Als Hindernisse bei der Implementierung von Leitlinien nannte Prof. Dr. Ina B. Kopp, Leiterin des AWMF-Instituts für Medizinisches Wissensmanagement, Marburg, beispielsweise schlechte Zugänglichkeit der Leitlinien für die Ärzte und ein hoher Zeitaufwand, diese durchzulesen, mangelnde Qualität oder Praktikabilität der Empfehlung, ferner Festhalten des Anwenders an Erfahrung (kognitive Dissonanz), Ablehnung von „Kochbuchmedizin“ (Reaktanz) sowie die unzureichende Erwartung, selbst etwas ändern zu können (self-efficacy). Darüber können einer Umsetzung fehlende Ressourcen, Organisationsdefizite oder auch Patientenwünsche im Wege stehen.

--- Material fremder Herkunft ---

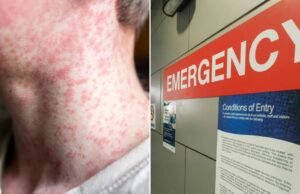 NSW Health confirma caso de sarampo no oeste de Sydney sem fonte conhecida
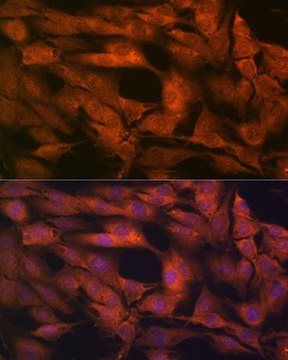 Anti-Laminin beta 1 Antibody, clone 6I9T4, Rabbit Monoclonal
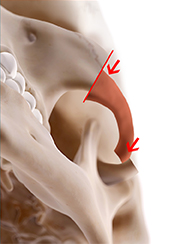 zygoma incision line3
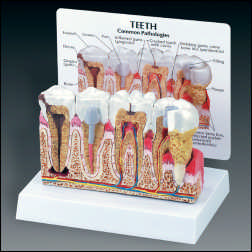 DISEASED TEETH & GUM MODEL WITH CARD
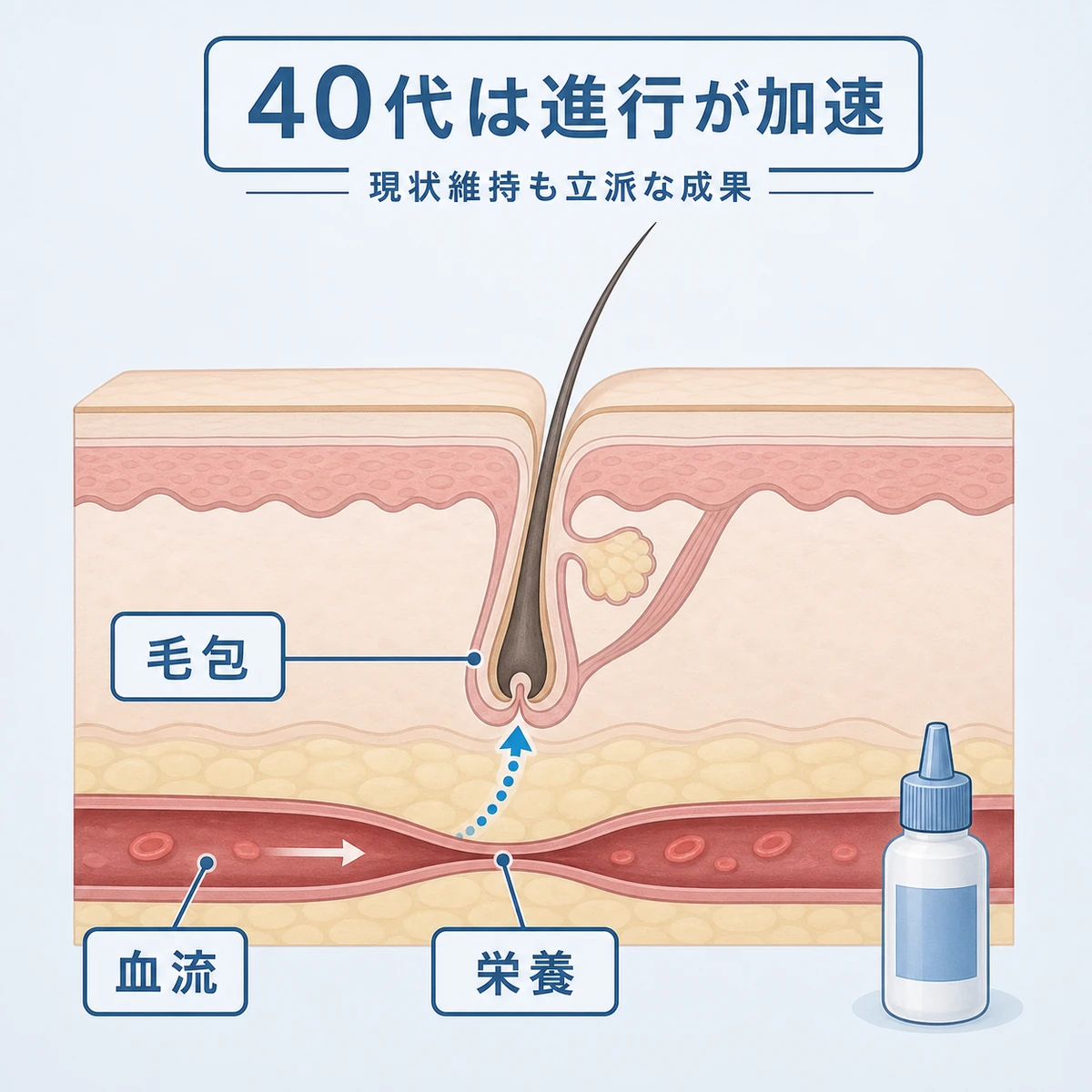 40代で血流の低下と毛包の老化が重なり薄毛が加速するしくみを表した医療イラスト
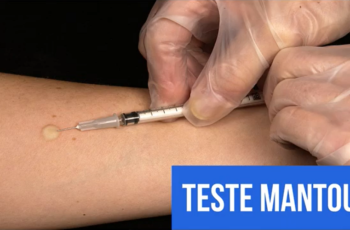 diagnostico da tuberculose 1 350x230 - exame de raio-X
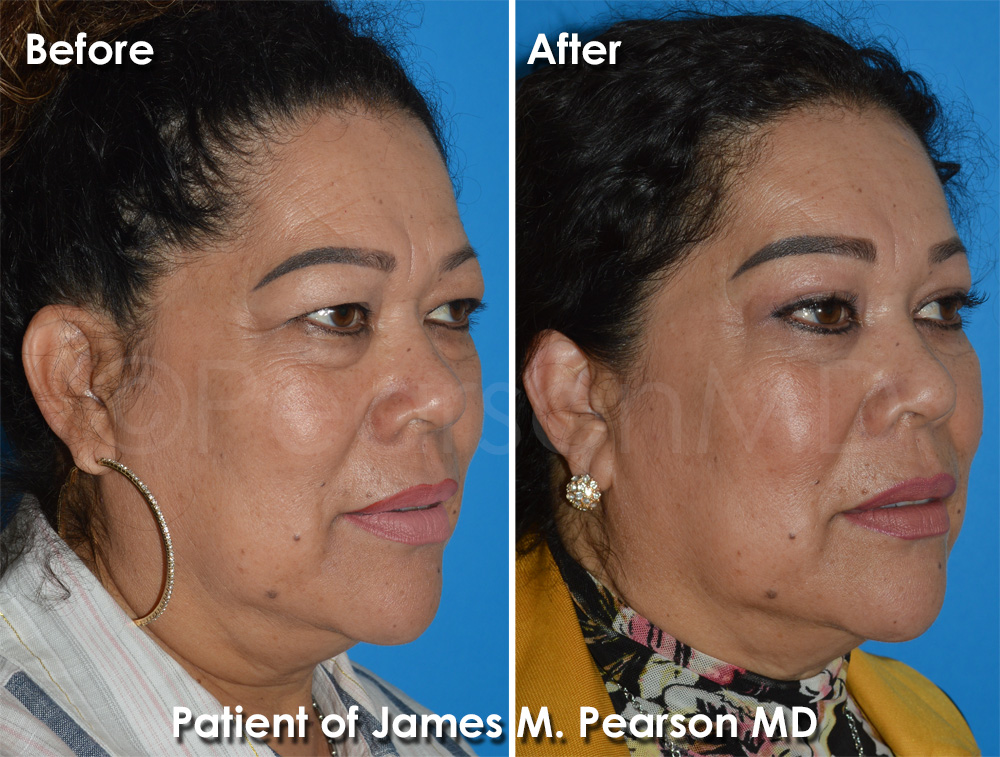 Pearson Plastic Surgery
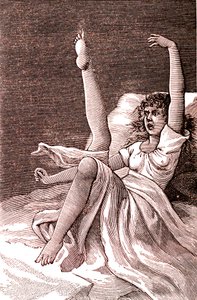 Hysterie, een extreem mentaal fenomeen, psychosen en psychoneurosen.1887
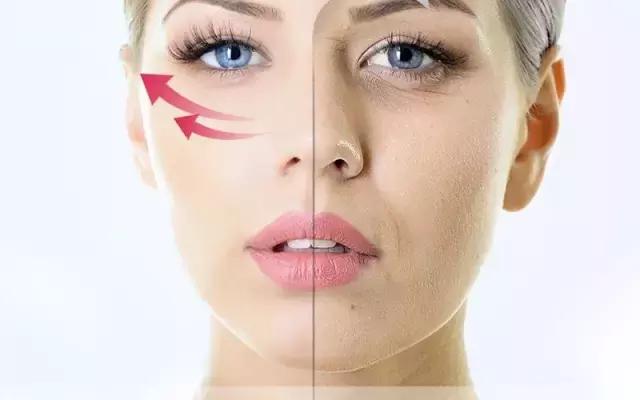 抢救假性眼纹、眼袋的黄金时间，错过你就老了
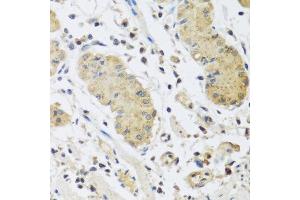 Immunohistochemistry of paraffin-embedded human stomach using IL4 antibody at dilution of 1:100 (40x lens). (IL-4 Antikörper)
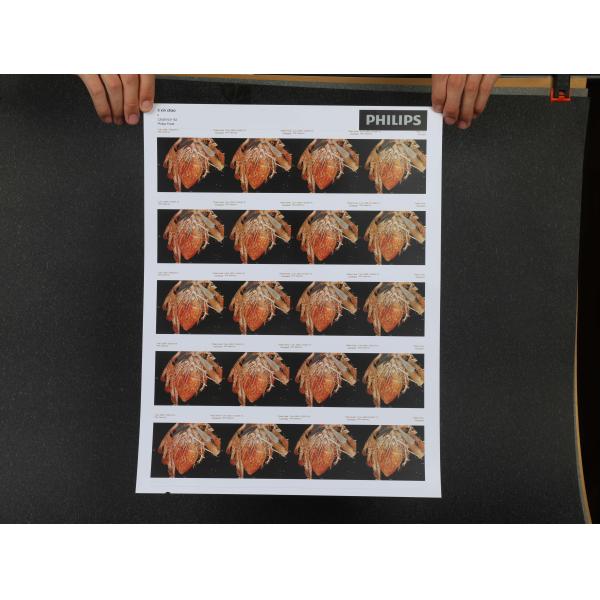 PET White Radiology Inkjet Printing Film A3 Plus Endoscopic Ultrasound Image X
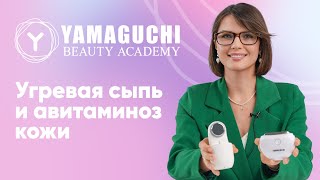 Какая связь между угревой сыпью и авитаминозом. Осенний уход за кожей и профилактика авитаминоза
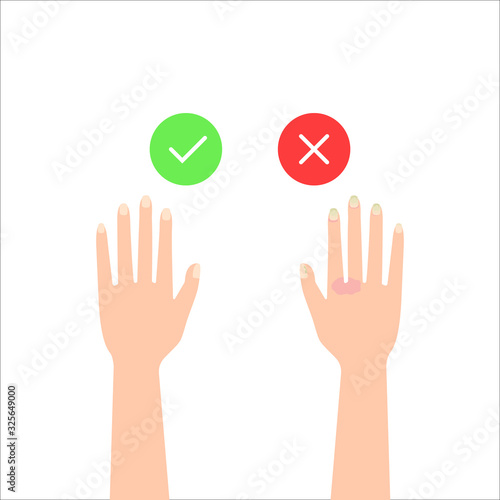 two hands - healthy and with nail disease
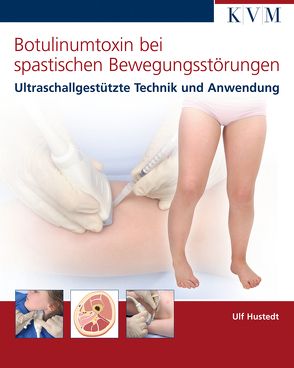 Botulinumtoxin bei spastischen Bewegungsstörungen von Hustedt,  Ulf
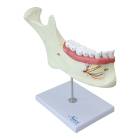 Nasco MG29512 Half Lower Jaw Model, 3x Enlarged, 6 Parts - Front View
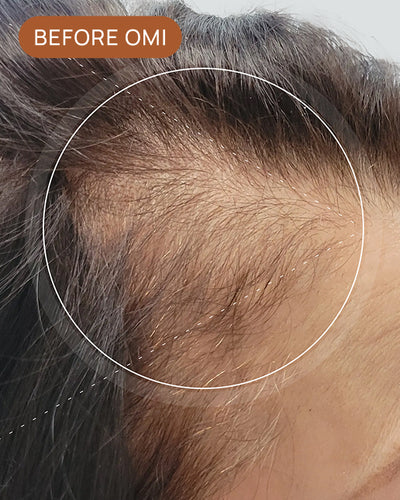 Debra L's hairline before using OMI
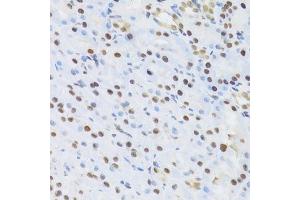 Immunohistochemistry of paraffin-embedded rat kidney using SFN Antibody. (14-3-3 sigma/SFN antibody  (AA 1-248))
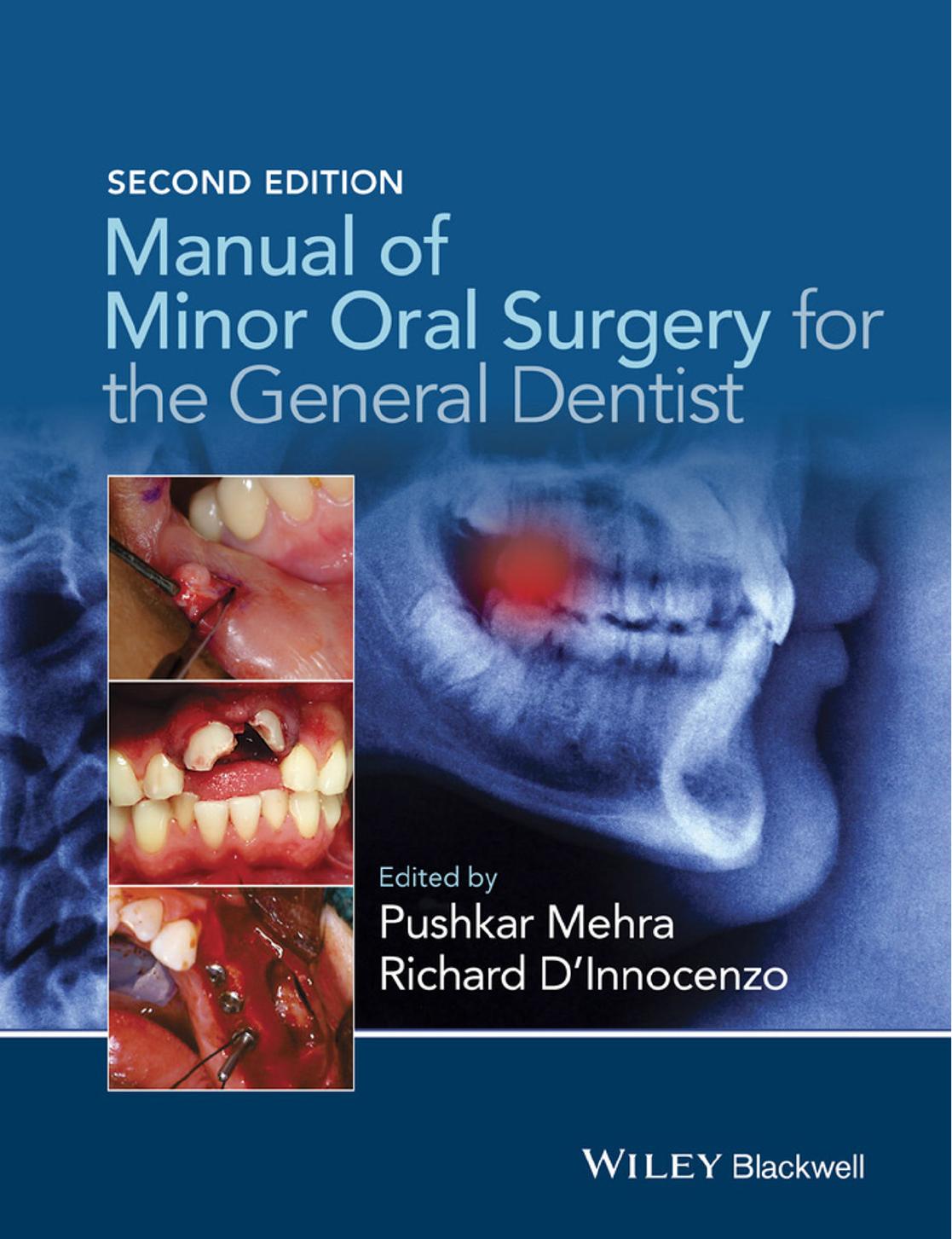 Manual of Minor Oral Surgery for the General Dentist, 2 edition (repost) by Pushkar Mehra and Richard DÂInnocenzo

Für eine dauerhafte Verhaltensänderung sind nach Aussage von Kopp Besuche von Peers vor Ort, manuelle oder elektronische Erinnerungshilfen und interaktive Fortbildung in Qualitätszirkeln hilfreich. Am besten seien kombinierte Strategien, aber „Frontalvorträge kann man vergessen“. Auch die schriftliche Verbreitung von Leitlinien habe kaum einen Effekt.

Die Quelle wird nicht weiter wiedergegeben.